US Executions Skyrocketed in 2025 to Highest Level in 16 Years.

The count of executions in the US has sharply risen in 2025, hitting a rate not seen in 16 years. This sharp uptick is linked to a focused campaign to revive judicial killings, combined with a notable shift in the stance of the US Supreme Court toward eleventh-hour pleas.

A Sobering Count: 47 Executions in a Single Year

Exactly 47 individuals—each one were male—were put to death by individual states that utilize the death penalty this year. This number is nearly double the total from the previous year, constituting the most active period for capital punishment in the country since 2009.

"Data indicates that the death penalty in 2025 is growing less popular with the public even as politicians schedule executions in search of diminishing political benefits."

A Global Outlier

This sharp increase further isolates the United States from nearly all other advanced economies, very few of which still carry out executions. In recent years, only a handful of Asian nations have carried out capital punishment among peer countries.

A Public Opinion Divide

The comeback of executions stands in stark contrast with long-term trends and current public sentiment. For years, the use of the death penalty had been in gradual decline. At the same time, surveys indicate support for capital punishment for murder convictions has reached a half-century low, with just over half of Americans in favor. Most of citizens under the age of 55 now are against it.

Presidential Influence

On his inauguration day back in office, the President issued an executive order titled "Restoring the Death Penalty." This order sought to ensure that laws authorizing capital punishment were "upheld and properly enforced," marking a clear change from the previous presidency.

"It’s in the air, it’s in the national rhetoric sent down from the top—you use violence and cruelty to solve social problems," stated a prominent activist against executions.

A Surge in State Executions

The national initiative was echoed and intensified at the level of individual states. Florida emerged as a notable extreme case, conducting 19 executions in 2025—a staggering increase from just one the previous year. This broke the state's previous record.

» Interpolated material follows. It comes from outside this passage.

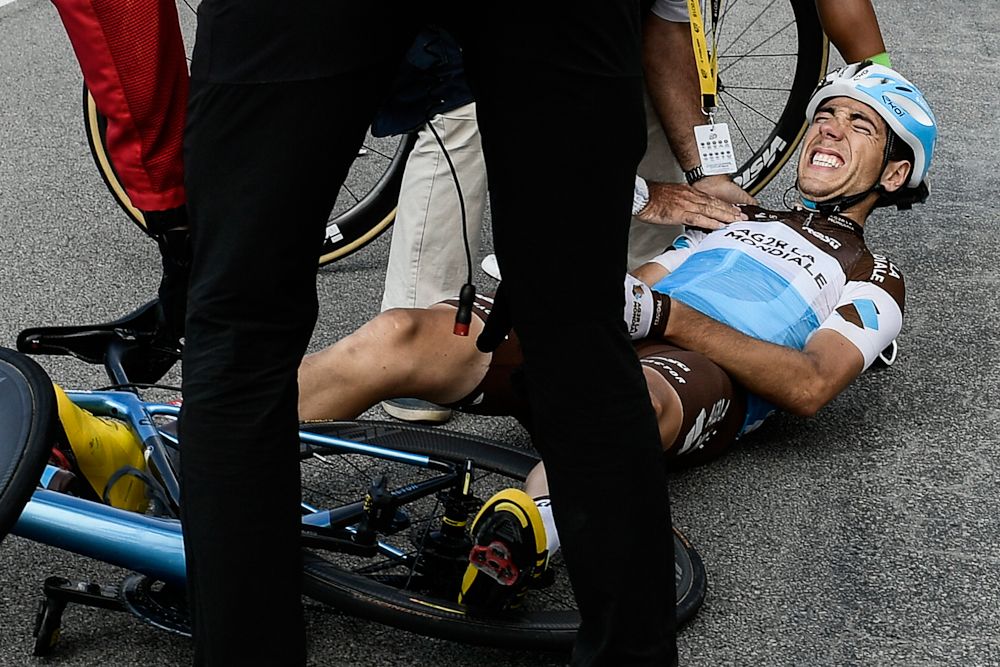 Axel Domont grimaces after being caught in a massive pack fall in the last kilometers of the fourth stage of the 105th edition of the Tour de France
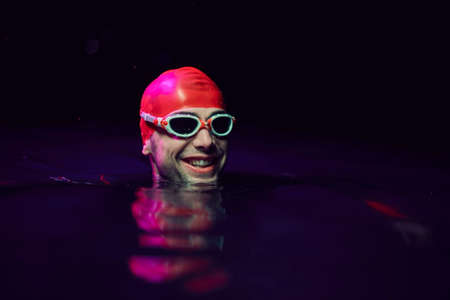 authentic triathlete swimmer having a break during hard training on night neon gel lightの写真素材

Together with several other southern states, these a quartet of jurisdictions were the source of almost 75% of all deaths this year. Overall, a dozen states employed their execution facilities, up from nine states in 2024.

More Extreme Execution Protocols

As more executions occurred, some states turned to increasingly extreme methods. Louisiana ended a 15-year hiatus and followed another state's lead to use nitrogen gas as an execution method. Observers reported the condemned individual visibly shook for several minutes during the procedure.

In another development, South Carolina performed the initial use by firing squad in the US since 2010, deploying this approach for three of its total executions this year. Accounts suggested that in one case, imprecise aim may have prolonged suffering for the individual.

A Changed Judicial Landscape

The increase in death sentences carried out is also connected to the posture of the US Supreme Court. The court's conservative majority denied every request to halt an execution in 2025, a rare display of reluctance to intervene.

This represents a shift from the court's historical role as a final avenue for appeals based on innocence claims, rights-based arguments, or charges of excessive cruelty. "We’re now operating lacking a crucial backup," noted a law professor. "Federal courts are meant to act as a backstop, but that stop gap has been eviscerated."

Sarah Rios
Sarah Rios

A passionate gamer and casino enthusiast with over a decade of experience in reviewing and analyzing online gaming platforms.